Kwetsbaarheid in php-fpm waardoor externe code op de server kan worden uitgevoerd

Beschikbaar corrigerende releases van PHP 7.3.11, 7.1.33 en 7.2.24, waarin geëlimineerd kritisch kwetsbaarheid (CVE-2019-11043) in de PHP-FPM (FastCGI Process Manager) extensie, waarmee u uw code op afstand op het systeem kunt uitvoeren. Om servers aan te vallen die PHP-FPM gebruiken in combinatie met Nginx om PHP-scripts uit te voeren, is het al openbaar beschikbaar werkend uitbuiten.

De aanval is mogelijk in nginx-configuraties waarin het doorsturen naar PHP-FPM wordt uitgevoerd door delen van de URL te scheiden met behulp van “fastcgi_split_path_info” en de omgevingsvariabele PATH_INFO te definiëren, maar zonder eerst het bestaan ​​van het bestand te controleren met behulp van de “try_files $fastcgi_script_name” richtlijn of de “if (!-f $) document_root$fastcgi_script_name)". Het probleem is ook komt naar voren in de instellingen die worden aangeboden voor het NextCloud-platform. Configuraties met structuren zoals:

locatie ~ [^/]\.php(/|$) {
fastcgi_split_path_info ^ (. +? \. php) (/.*) $;
fastcgi_param PATH_INFO $fastcgi_path_info;
fastcgi_pass php:9000;
}

U kunt de oplossing van het probleem in distributiekits volgen op deze pagina's: Debian, RHEL, Ubuntu, SUSE/openSUSE, FreeBSD, boog, Fedora.

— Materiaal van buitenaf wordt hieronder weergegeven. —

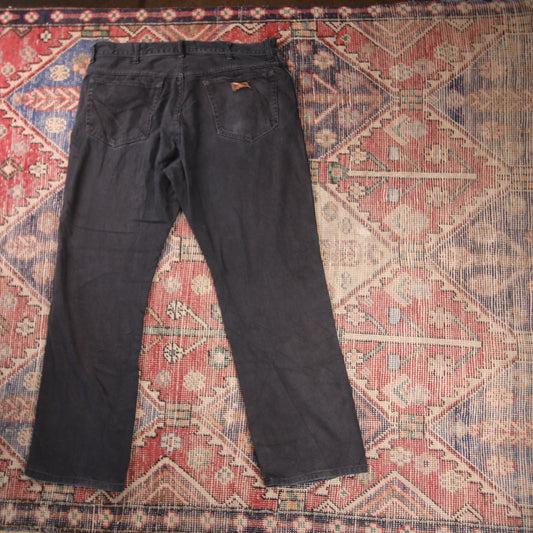 Wrangler W42 L29 Straight Leg Relaxed Fit Blue Denim Jeans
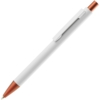 Ручка шариковая Chromatic White, белая с оранжевым (Изображение 1)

Als tijdelijke oplossing kunt u na de regel “fastcgi_split_path_info” een controle toevoegen op het bestaan ​​van het gevraagde PHP-bestand:

try_files $fastcgi_script_name =404;

Het probleem wordt veroorzaakt door een fout bij het manipuleren van pointers in een bestand sapi/fpm/fpm/fpm_main.c. Bij het toekennen van een pointer wordt ervan uitgegaan dat de waarde van de omgevingsvariabele PATH_INFO een prefix moet bevatten dat overeenkomt met het pad naar het PHP-script.
Als de fastcgi_split_path_info richtlijn specificeert dat het scriptpad moet worden gesplitst met behulp van een nieuweregelgevoelige reguliere expressie (veel voorbeelden suggereren bijvoorbeeld het gebruik van "^(.+?\.php)(/.*)$"), dan kan een aanvaller ervoor zorgen dat een Er wordt een lege waarde naar de omgevingsvariabele PATH_INFO geschreven. In dit geval verder in de uitvoering voerde uit path_info[0] naar nul schrijven en FCGI_PUTENV aanroepen.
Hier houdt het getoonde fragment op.